Cumin to Offer More Casual Fare in Spot Next Door
Tom Demeropolis, Cincinnati Business Courier, © 2012 American City Business Journals, Inc. All rights reserved.
The owner of one of Cincinnati’s top restaurants is opening a sister restaurant next door. Alex Mchaikhi, owner of high-end Cumin Eclectic Cuisine in Hyde Park, is cooking up a concept called M, short for “my favorite.” Unlike Cumin, M will be more of a neighborhood restaurant and bar, with a twist. “There’s a market for it, especially in Hyde Park,” Mchaikhi said. “The high end is for special occasions. You have to have people come in all the time.”
Cumin has been consistently ranked as one of Cincinnati’s top 10 restaurants by Cincinnati Magazine and is among the top 10 in the city, according to ratings guide Zagat.
M, with seating for 110, is scheduled to open this summer on Erie Avenue. It will fill two spaces formerly occupied by Snooty Fox and Amarin Fusion restaurant.
The menu at M comes from Owen Maass, executive chef at Cumin. Similar to Cumin, it will focus on local, seasonal ingredients, Maass said. He plans to offer wood-fired pizzas, rotisserie chicken, salads, craft beers and cocktails. Prices at M will be between $12 and $14 for an entree, compared with Cumin’s range of $20 to $40. Mchaikhi is financing the restaurant himself.

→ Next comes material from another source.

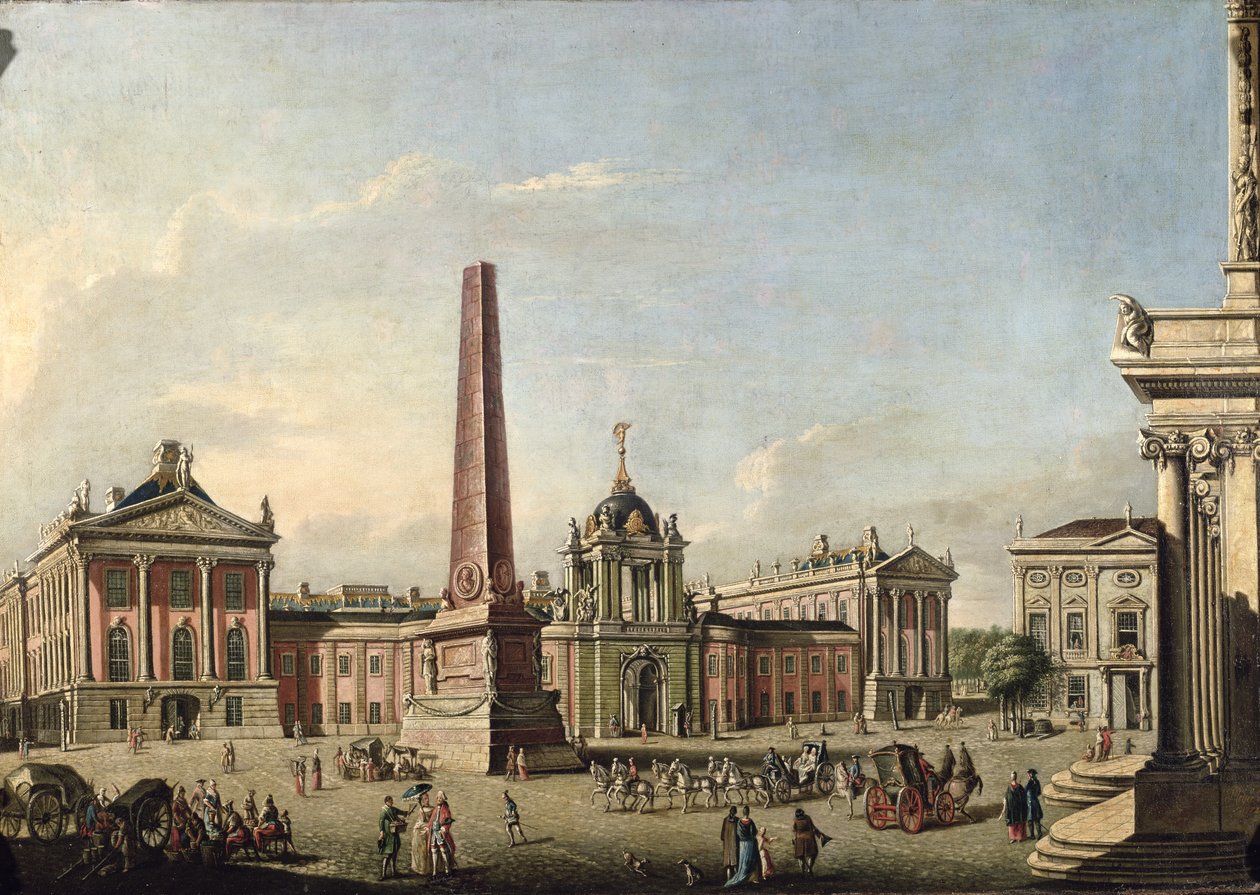 Ansicht des Alten Marktes und des Vordertors von Schloss Sanssouci, 1773 von Johann Friedrich Meyer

One dessert option Maass is planning is “cereal milk ice cream,” which will be house-made ice cream flavored by milk that has soaked up the flavors of different cereals.
“That’s the best part of the cereal,” Maass said.
While Mchaikhi is prepping the new restaurant, many independent restaurant owners have been closing their doors. Total restaurant visits declined from 62.7 billion in 2008 to 60.6 billion in 2011 and independent restaurants accounted for 87 percent of that decline, according to the NPD Group, a New York-based market research company.
Fine dining has been hit especially hard, said Darren Tristano, executive vice president with Chicago-based research firm Technomic Inc. Independent owners have either opened new concepts or switched to a more casual dining menu and experience, Tristano said. “Having that option allows an operator to garner more traffic,” he said.